La semana pasada le hablé sobre la necesidad de contar, por republicanismo elemental, con contrapesos institucionales y ciudadanizados al poder público. Los fundamentos que justifican esta posición se relacionan con los límites que la propia constitución establece para que la ciudadanía cuente con garantías suficientes –y eficaces no por su existencia en lo abstracto, sino por su materialización concreta- de que la ingeniería institucional –y constitucional- funciona en favor de la población a la que se debe.
De esta forma aspiramos a dejar atrás la simulación política en las Instituciones del estado mexicano. Atención especial merece lo que ocurre en la relación entre el poder ejecutivo y el legislativo tanto en el ámbito nacional como en el local. La ciudadanía acude a las elecciones para ejercer un derecho político que tiene como resultado la designación de autoridades electas. La titularidad del poder ejecutivo es una cosa, votar por el legislativo es otra distinta. Partidos políticos y candidatas(os) hacen llamados al voto con estrategias diversas.

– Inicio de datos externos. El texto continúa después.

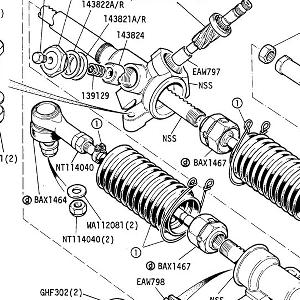 STEERING - Rack and Pinion Assembly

Hay quienes se asumen ganadoras(es) de la contienda e invitan a consolidar su victoria –individual- a través del voto en cascada, es decir, de votar por el mismo partido político en el resto de las boletas electorales, lo que podría tener como efecto la formación de una mayoría legislativa que le permita cierta eficacia para gobernar.
Existen también partidos minoritarios que forman parte de la coalición que se cree ganadora, pero piden apoyarla marcando específicamente al sello de su partido político para formar mayoría mientras se garantiza la conservación de registro y/o mejora las condiciones con las que recibirán prerrogativas –financiamiento, tiempo en radio y tv-. Hay partidos y candidatas(os) que anticipan que no obtendrán el voto mayoritario del electorado pero invitan a que se les apoye a fin de contar con cierta presencia en el cuerpo legislativo –generalmente a través de la vía de la representación proporcional- que ejerza ciertos contrapesos al poder público. Cada estrategia de campaña tiene resultados diversos; lo que vivimos ahora, como efecto del diseño constitucional y del ejercicio del voto es la posibilidad material de que el proceso político dependa en cierta medida de la capacidad de acuerdo entre las fuerzas políticas presentes en los cuerpos legislativos.

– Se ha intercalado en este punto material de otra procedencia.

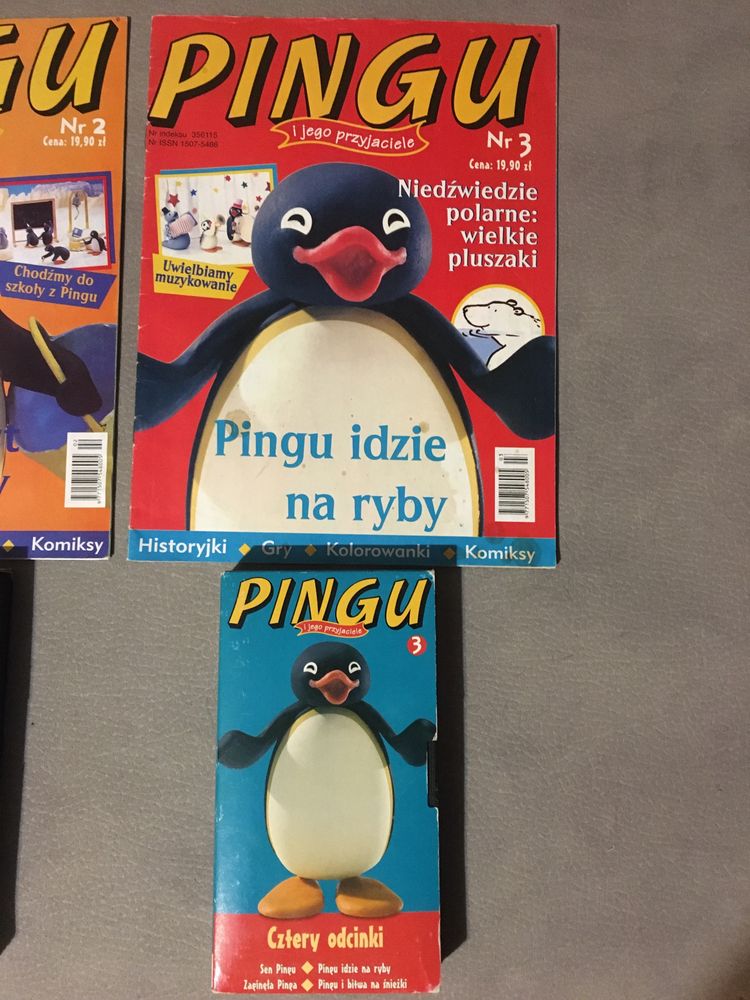 VHS PINGU PL 3szt zestaw kolekcjoner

Quien ha recibido una posición legislativa –ya sea a través del voto directo o de la representación proporcional- tiene una enorme responsabilidad política sobre sus hombros. Yo me imagino que la ciudadanía aspira y merece mayorías parlamentarias que se desempeñan con madurez, profesionalismo y oficio político. Durante décadas hemos visto el desempeño de mayorías irreflexivas que atropellan en el nombre de la eficacia – o peor aún, en el nombre del pueblo- y hemos visto oposiciones que ven a la inmovilidad como una victoria política.

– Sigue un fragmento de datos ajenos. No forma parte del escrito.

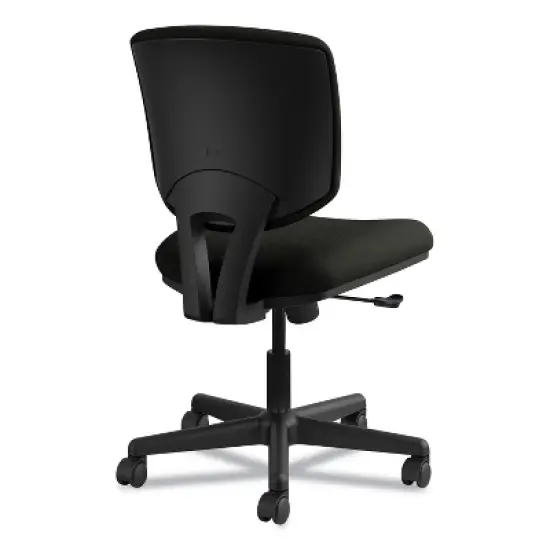 HON Volt Series Leather Task Chair, Supports Up to 250 lb, 18" to 22.25" Seat Height, Black image {8}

La política y el conocimiento tienen mucho en común. Ambos se fortalecen por medio de la contrastación y el debate amplio. En el terreno de lo político, esto implica contar con mayorías gobernantes que no solo deben mostrar disposición al diálogo –sin simulaciones- sino además se requiere de la rara virtud de poder cambiar de opinión cuando no se tiene la razón. Y para ello se requieren también oposiciones inteligentes, prensa libre, periodismo de investigación, academia comprometida, honestidad intelectual y de amplio debate público que permitan establecer la discusión de los asuntos públicos de la forma más amplia, transparente e informada posible.
El mayoriteo, las sesiones a puerta cerrada, los albazos, la manipulación discursiva, el control de la opinión pública son la halitosis de la política. Sostengo la idea de que la ciudadanía merece una política virtuosa y humilde –aguas, que no es lo mismo que austera-. Encuentro mayor grandeza en la capacidad de enriquecer la política desde el disenso. Pero esta es otra rara virtud. Una muy rara de encontrar.